Exercise data section start

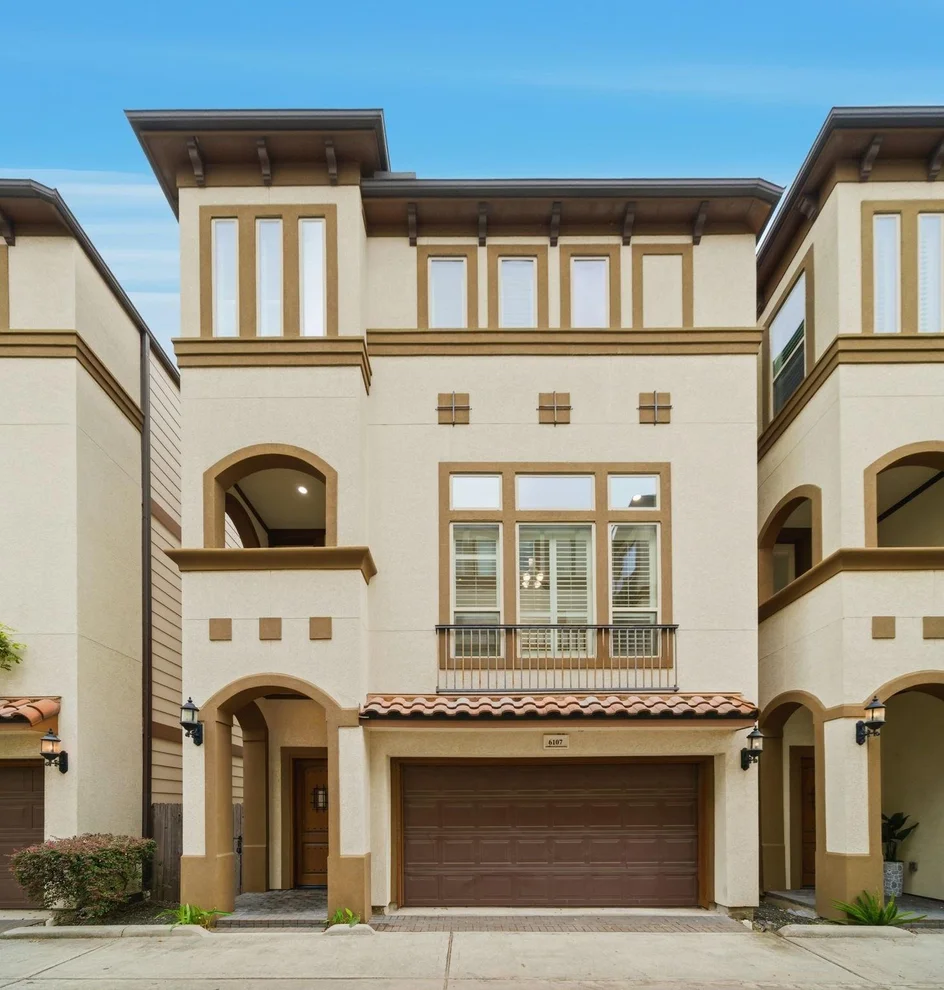 Unit for sale at 6107 Stillman Street, Houston, TX 77007
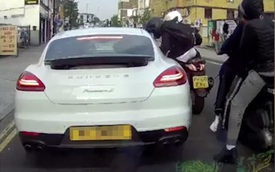 Đứng tim với cảnh nhóm tội phạm đi xe ga rút dao cướp đồ của người lái Porsche Panamera giữa ban ngày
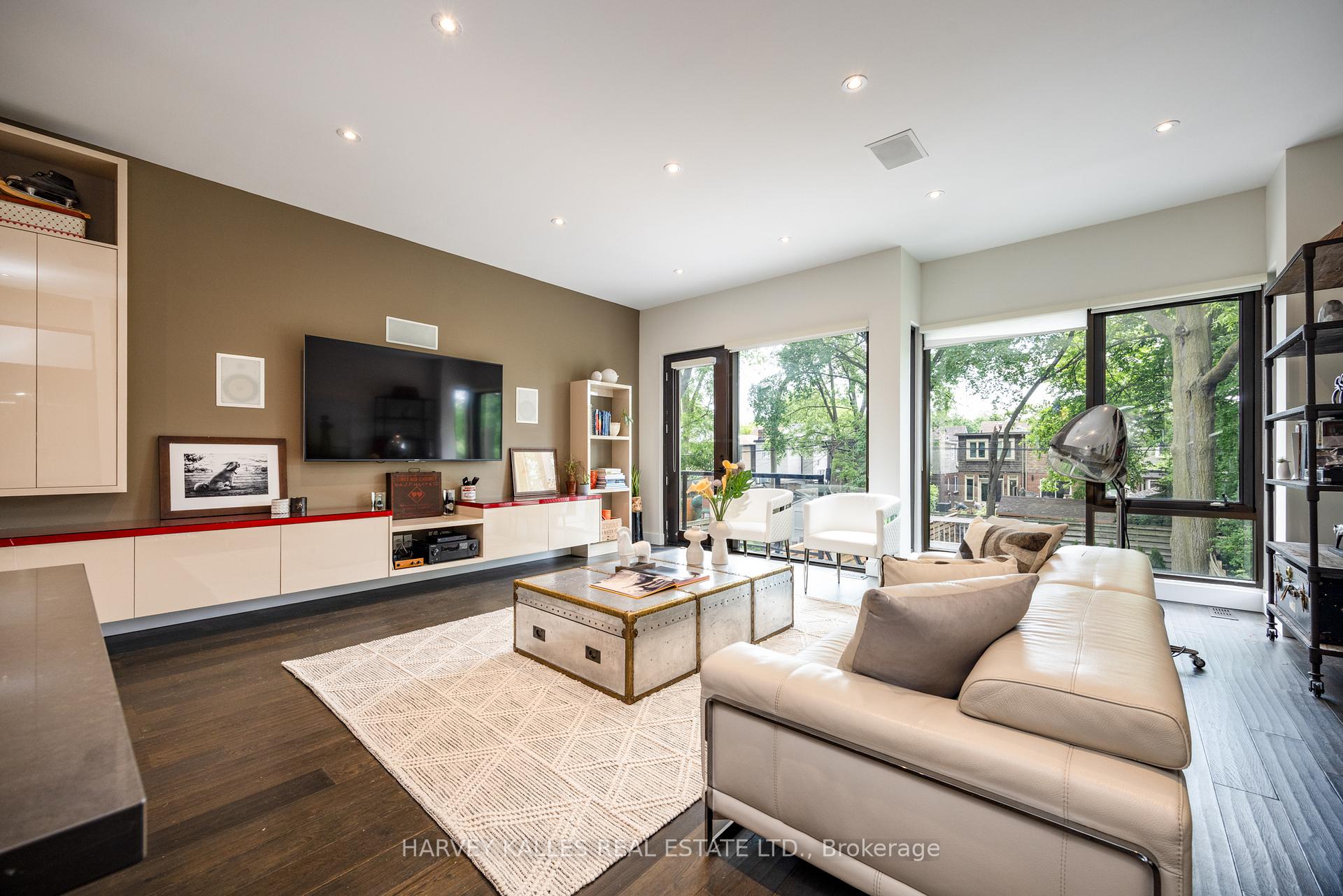 397 Soudan Avenue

Exercise data section end

• Your goal:
Print the listing again exactly as it appears, except for the pictures, which stay out.

• Answer area:
 Unit for sale at 6107 Stillman Street, Houston, TX 77007
 Đứng tim với cảnh nhóm tội phạm đi xe ga rút dao cướp đồ của người lái Porsche Panamera giữa ban ngày
 397 Soudan Avenue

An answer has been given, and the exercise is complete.